The barcode labels work well for most of the larger items. You just stick them straight on the equipment and they’re reasonably resilient. For other smaller or fiddly items, they use a Brother label maker which produces smaller barcodes in a choice of formats. Overall it’s a really versatile solution. You just input the required barcode number, and it produces a smaller barcode label. This retains the number series provided by the external provider, you just need to remember to dispose of the original labels with the numbers used.
Getting around problems
XLR cables are found to be the fiddliest to barcode. As the cables bend a lot the barcode labels don’t read so well and risk coming off. If needed, the label maker can print a longer label with the barcode at each end and a white space in between them, then this can be used as a ‘flag’ type label which sticks together, wrapped around a cable. Even still, these can sometimes get in the way and become annoying. Alternatively, Sean has found that if you stick the label on a cable lengthways and use clear packing tape over the top it keeps the label more rigid and much easier to read.

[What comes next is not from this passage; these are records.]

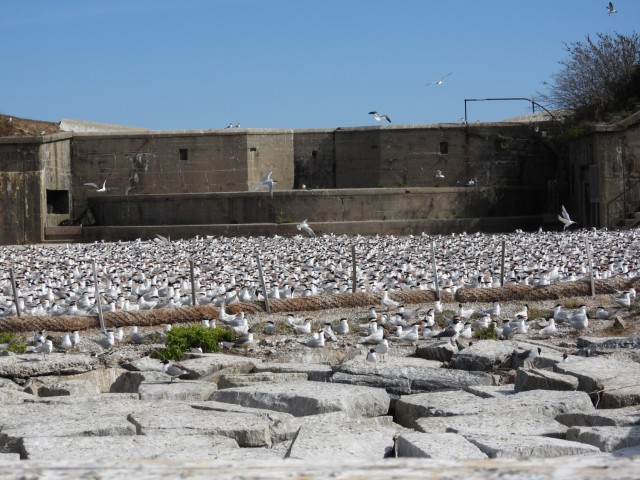 Restoring bird habitats while sustaining ours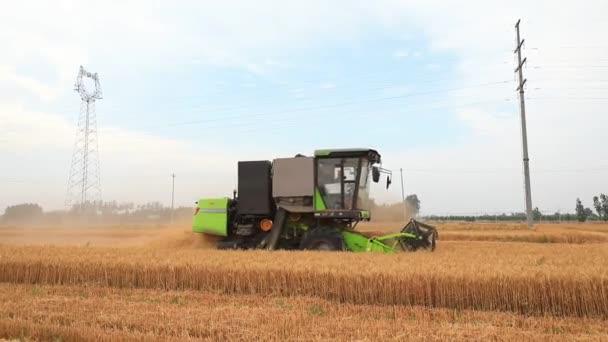 Harvesters Harvest Wheat Fields North China — Stock Video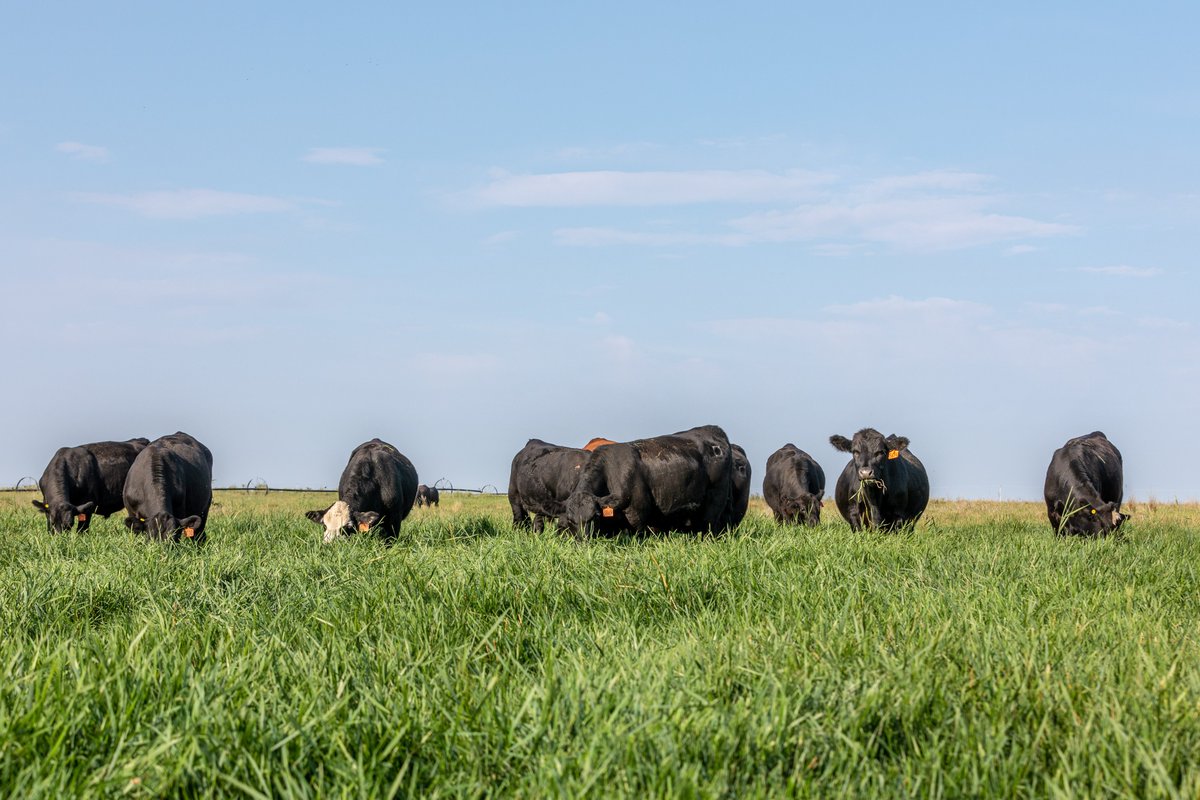 Alltech's tweet photo. Shipwheel Cattle Feeders is bringing a new meaning to the saying, "The grass is always greener on the other side."

See how beef cattle raised in adaptive, multi-paddock grasslands in Alberta, Canada, capture harmful emissions. 👉 https://t.co/ekQE2nUCdE

#PlanetofPlenty https://t.co/Xs7AUyYt8L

For some items, more ingenuity is required for successfully attaching barcodes. Sandbags are a case in point. When lent out, it’s always useful to get them back but you can’t stick a label on the cloth surface. Sean sourced some small vinyl tags with a hole at one end and that come with tiny zip ties. The barcodes are affixed onto these tags which are tied onto the sandbags’ handles.
- Avoid attaching a barcode where moving parts will damage it, e.g. on an extending light stand
- Try to barcode on a surface which is visible without removing the item from its case
- Sometimes you might need to cut a barcode label smaller. Still it’s important to leave some white label at either end, as the scanner might read the edge of the equipment visible at the side of the label as part of the code, and so fail to scan it successfully. So take care when cutting the label - it beats using your thumb later to block it to allow the barcode to scan!
How it works in connect2
In the connect2 online catalog items are grouped by type e.g. model of camera. As each item has its unique barcode the system builds a record of its usage and maintenance history. At the same time, grouping the items means that inventory stock management and budgeting is made much easier.
Students independently book what they need for their assignment. As a film and TV department, this can amount to a number of items but the ‘Frequently Booked With’ feature helps. Sometimes students still make mistakes or leave items out. However, building a complete kit list is part of the learning process. They need to build their knowledge of all items required and also what’s most suitable for the production location in mind.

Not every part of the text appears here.